We’ve lived so long under the spell of hierarchy—from god-kings to feudal lords to party bosses—that only recently have we awakened to see not only that “regular” citizens have the capacity for self-governance, but that without their engagement our huge global crises cannot be addressed. The changes needed for human society simply to survive, let alone thrive, are so profound that the only way we will move toward them is if we ourselves, regular citizens, feel meaningful ownership of solutions through direct engagement. Our problems are too big, interrelated, and pervasive to yield to directives from on high.
—Frances Moore Lappé, excerpt from Time for Progressives to Grow Up

Friday, November 2, 2012

Occupy is the Latest Generation (Know your history)

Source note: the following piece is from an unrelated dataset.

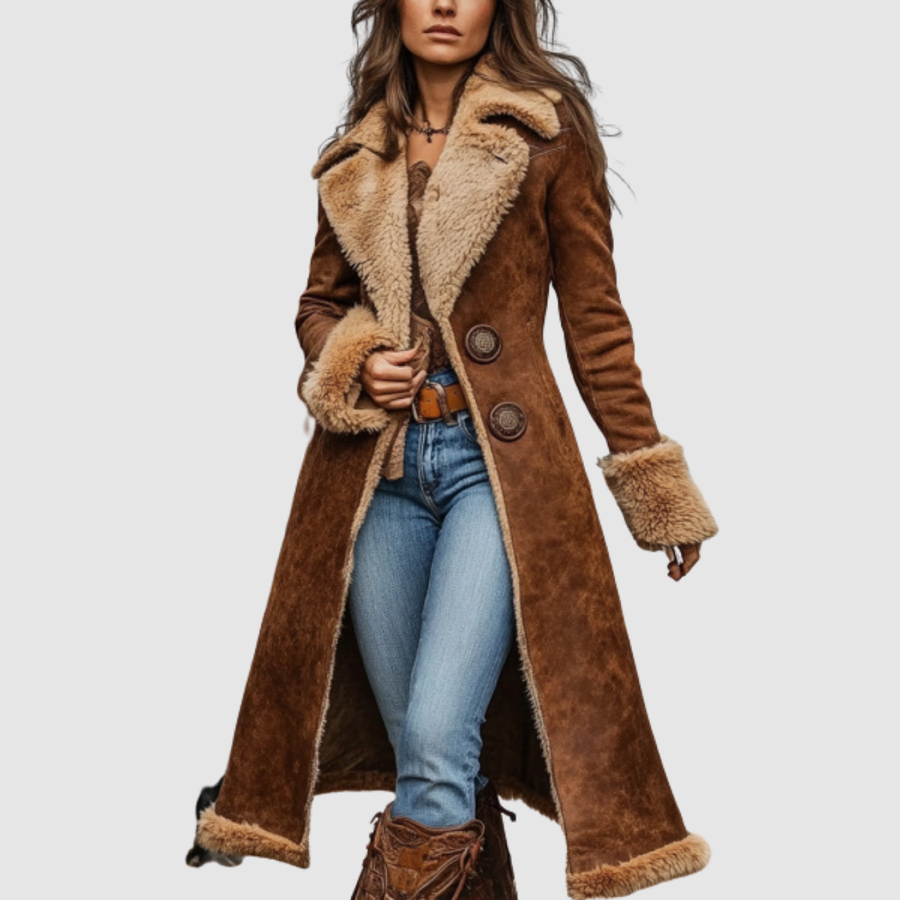 Aven | Abrigo vintage estilo western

Click here to access article by Mickey Z. from World News Trust

Along with Mickey Z. and many others I have a strong hunch that the current lull in radical political activity has a lot to do with the false history which the historians and ideologues employed by the One Percent continue to propagate. In spite of the huge growth in profits and the concentration of wealth by the One Percent and the stagnation, if not decline, of wages and benefits for the 99 Percent and the continued sinking into the quicksand of debt, there is a persistent belief among many of the latter that things will return to a mythical past if only they work and try harder. This strategy employed by the One Percent to distort our memory about history acts to dis-empower us. Mickey Z. implores us to know our true history.
A society purposefully and relentlessly conditioned by corporate propaganda is a society quite receptive to the alluring appeal of the “good old days” (GOD). Like all myths, the mere existence of the GOD illusion makes other myths easier to swallow.
If the GOD invention is accepted as accurate, the wars fought, the businesses started and subsidized, the legislation passed, the culture created, and the leaders elected during the GOD get a free ride on their coattails. We become a nation of people gazing backward for innocence lost rather than looking ahead with lessons learned.